Ashland — The halls of the Wheeler family home in Ashland are already decked with Christmas decor.
So is just about every other inch of the house.
The Sherwood Drive home, shared by Roger and Leslie Wheeler and their three sons, hosts Thanksgiving and Christmas celebrations for the extended family.
Visitors are greeted first by brightly lit bushes and a cheery snowman, but the real magic is inside where holiday accents brilliantly adorn each every room.
A large red poinsettia fills a hallway. A noble blown-glass snowman gazes down on a bustling kitchen. Christmas dish displays grace shelves in the living room. Every shelf or table top is adorned with a religious or modern holiday display.
“Christmas is our favorite time of year because it is our Savior’s birthday and that’s how we celebrate it in our home,” explains Leslie Wheeler.

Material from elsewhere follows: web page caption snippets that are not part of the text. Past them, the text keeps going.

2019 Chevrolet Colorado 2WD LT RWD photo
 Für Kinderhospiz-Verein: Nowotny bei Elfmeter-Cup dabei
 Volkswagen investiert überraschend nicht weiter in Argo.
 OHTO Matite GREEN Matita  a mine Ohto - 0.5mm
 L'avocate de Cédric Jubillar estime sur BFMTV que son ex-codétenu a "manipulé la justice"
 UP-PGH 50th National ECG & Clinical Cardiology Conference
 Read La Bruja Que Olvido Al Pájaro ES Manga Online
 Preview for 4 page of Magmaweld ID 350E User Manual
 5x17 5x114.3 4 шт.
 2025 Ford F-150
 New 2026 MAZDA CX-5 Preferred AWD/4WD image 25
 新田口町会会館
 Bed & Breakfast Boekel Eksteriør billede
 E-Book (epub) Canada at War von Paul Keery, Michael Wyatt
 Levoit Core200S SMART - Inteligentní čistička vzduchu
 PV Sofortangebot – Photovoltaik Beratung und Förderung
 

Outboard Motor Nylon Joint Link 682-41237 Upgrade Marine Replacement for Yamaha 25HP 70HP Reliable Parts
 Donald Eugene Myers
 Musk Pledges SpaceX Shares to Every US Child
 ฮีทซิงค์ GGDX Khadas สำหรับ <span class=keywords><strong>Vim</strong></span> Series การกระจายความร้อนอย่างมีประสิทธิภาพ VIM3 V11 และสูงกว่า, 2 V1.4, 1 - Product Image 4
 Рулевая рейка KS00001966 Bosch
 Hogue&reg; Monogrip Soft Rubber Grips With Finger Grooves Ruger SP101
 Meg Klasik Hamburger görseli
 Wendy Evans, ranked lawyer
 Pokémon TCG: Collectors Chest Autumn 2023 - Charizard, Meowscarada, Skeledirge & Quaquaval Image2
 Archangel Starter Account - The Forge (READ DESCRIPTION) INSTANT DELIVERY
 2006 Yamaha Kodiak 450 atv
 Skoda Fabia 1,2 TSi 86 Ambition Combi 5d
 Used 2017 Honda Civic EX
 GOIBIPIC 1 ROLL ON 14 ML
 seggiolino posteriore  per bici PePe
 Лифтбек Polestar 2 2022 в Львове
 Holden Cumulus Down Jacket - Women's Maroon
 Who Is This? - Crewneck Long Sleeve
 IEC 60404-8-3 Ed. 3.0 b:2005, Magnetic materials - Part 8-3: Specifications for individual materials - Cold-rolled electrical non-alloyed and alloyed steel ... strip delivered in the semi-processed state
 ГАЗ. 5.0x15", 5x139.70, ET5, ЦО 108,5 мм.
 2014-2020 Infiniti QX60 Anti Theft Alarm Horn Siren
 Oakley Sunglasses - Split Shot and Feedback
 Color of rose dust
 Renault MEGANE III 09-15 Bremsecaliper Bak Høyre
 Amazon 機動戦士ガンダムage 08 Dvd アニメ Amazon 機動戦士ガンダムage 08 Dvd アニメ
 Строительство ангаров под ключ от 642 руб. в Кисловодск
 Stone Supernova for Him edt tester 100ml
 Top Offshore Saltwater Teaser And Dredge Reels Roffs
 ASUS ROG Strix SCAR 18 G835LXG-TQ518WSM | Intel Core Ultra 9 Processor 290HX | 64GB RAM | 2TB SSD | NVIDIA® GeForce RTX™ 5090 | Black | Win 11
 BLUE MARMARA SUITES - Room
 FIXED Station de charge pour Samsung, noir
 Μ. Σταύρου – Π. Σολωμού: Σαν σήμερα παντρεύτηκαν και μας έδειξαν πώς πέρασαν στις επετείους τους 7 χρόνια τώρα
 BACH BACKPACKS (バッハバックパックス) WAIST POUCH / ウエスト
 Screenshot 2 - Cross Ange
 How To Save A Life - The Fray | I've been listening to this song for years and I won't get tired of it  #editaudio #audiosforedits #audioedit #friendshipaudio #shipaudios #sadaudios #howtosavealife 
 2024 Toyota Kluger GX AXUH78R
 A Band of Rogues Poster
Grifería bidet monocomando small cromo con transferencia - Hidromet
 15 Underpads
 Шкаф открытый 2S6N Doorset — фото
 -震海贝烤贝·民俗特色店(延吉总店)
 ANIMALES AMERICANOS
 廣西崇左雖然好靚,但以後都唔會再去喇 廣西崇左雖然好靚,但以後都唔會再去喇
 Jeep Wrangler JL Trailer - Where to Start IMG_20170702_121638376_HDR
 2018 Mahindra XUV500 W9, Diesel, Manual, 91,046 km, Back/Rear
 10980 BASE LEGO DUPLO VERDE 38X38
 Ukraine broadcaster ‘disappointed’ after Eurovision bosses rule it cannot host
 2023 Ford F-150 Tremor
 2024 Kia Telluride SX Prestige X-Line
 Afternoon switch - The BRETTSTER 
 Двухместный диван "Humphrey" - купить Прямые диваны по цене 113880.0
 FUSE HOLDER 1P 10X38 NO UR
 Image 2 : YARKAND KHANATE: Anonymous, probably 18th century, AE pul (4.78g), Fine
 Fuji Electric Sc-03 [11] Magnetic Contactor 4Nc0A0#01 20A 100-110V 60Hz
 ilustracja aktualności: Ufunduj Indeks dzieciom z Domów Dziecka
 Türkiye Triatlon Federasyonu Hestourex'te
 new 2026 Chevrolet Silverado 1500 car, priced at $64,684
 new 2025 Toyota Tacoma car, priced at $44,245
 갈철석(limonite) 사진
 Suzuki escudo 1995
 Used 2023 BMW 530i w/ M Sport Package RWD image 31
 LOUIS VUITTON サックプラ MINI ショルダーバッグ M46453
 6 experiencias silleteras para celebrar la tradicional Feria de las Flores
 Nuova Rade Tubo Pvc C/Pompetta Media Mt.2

“We really love all the decorations and it really is a neat time of year. As you can see we don’t just decorate trees, we decorate the whole house,” she said during a tour of the two-story home.
Four Christmas trees can be found throughout the house, each one dressed for the unique function it serves during the Wheeler’s Christmas celebration.
The tree in the Wheeler’s main sitting room is the focal point of all the decorations. The grandly adorned formal tree is used to exchange gifts among the extended family.
In the last 13 years, Leslie Wheeler has perfected decorating it. The tree takes approximately two days to put together and incorporates both creative design and strict attention to detail.
One whole day is dedicated to “fluffing” the needles of the artificial tree and strategically placing the strands of lights. The second day is reserved for the real decorating.
Almost every inch is laden with sparkling crystal orbs and twinkling metal ornaments. Intricate cloth, ceramic and wooden ornament works hang gracefully from limbs as well.
Lush red and gold ribbon garland wrap the boughs and a deep velvet bow adorns the top.
“My husband is really into Christmas and decorations. This is his tree. He’s the biggest kid in the family,” said Leslie Wheeler admiring her finished product.
“Every year, we add ornaments to it, people buy ornaments for us. Every year my friends and family will say, ‘Wow, its even more pretty this year than it was last year,’” she said.
Her favorite tree is the smallest most humbly decorated one in the home. Dubbed, “The Snoopy tree” the evergreen is decorated by her sons in simple hand-hewn ornaments and is located in the upstairs loft the boys share.
Two smaller, more casually decorated trees in the home’s basement den are the center of the family of five’s Christmas morning.
Santa Claus leaves his unwrapped gifts beneath one of the trees while the gifts the family exchanges among themselves are placed beneath the second tree. The families stockings — including one for the pooch — are hung near by.
Like a scene from a Christmas story book, a visitor can easily imagine the family sprawled about the room unwrapping gifts on Christmas morning illuminated by a glowing fire in the small cast iron stove at the center of the den.
Leslie’s affectionate touch is everywhere in the home. In the little more than two years since the family moved to Ashland from Lexington, she has painted it from top to bottom and infused it with her warm style.
“I’ve always had a flair for decorating. I just like pretty things and my eye is sort of drawn to it. It’s just kind of a God-given gift,” she said. That’s not to say, Leslie Wheeler doesn’t toil at the task.
For her, decorating her home for the holidays is as much a part of the celebration of Christmas as reading verses of Luke before the holiday dinner.
“The Lord takes care of us and he gives us things. He loans them to us to use and its our job to take care of them and to make them look their best. The Word says to do everything as unto the Lord and I believe in doing that in my family life, in my church life and in my work life and everywhere, so I really take a great interest in my home and in my family,” she said.
“We have a humble home but we take care of it. I want my family to have the very best that they can and that’s what God’s promises are: That he will bless us in all areas of our lives.”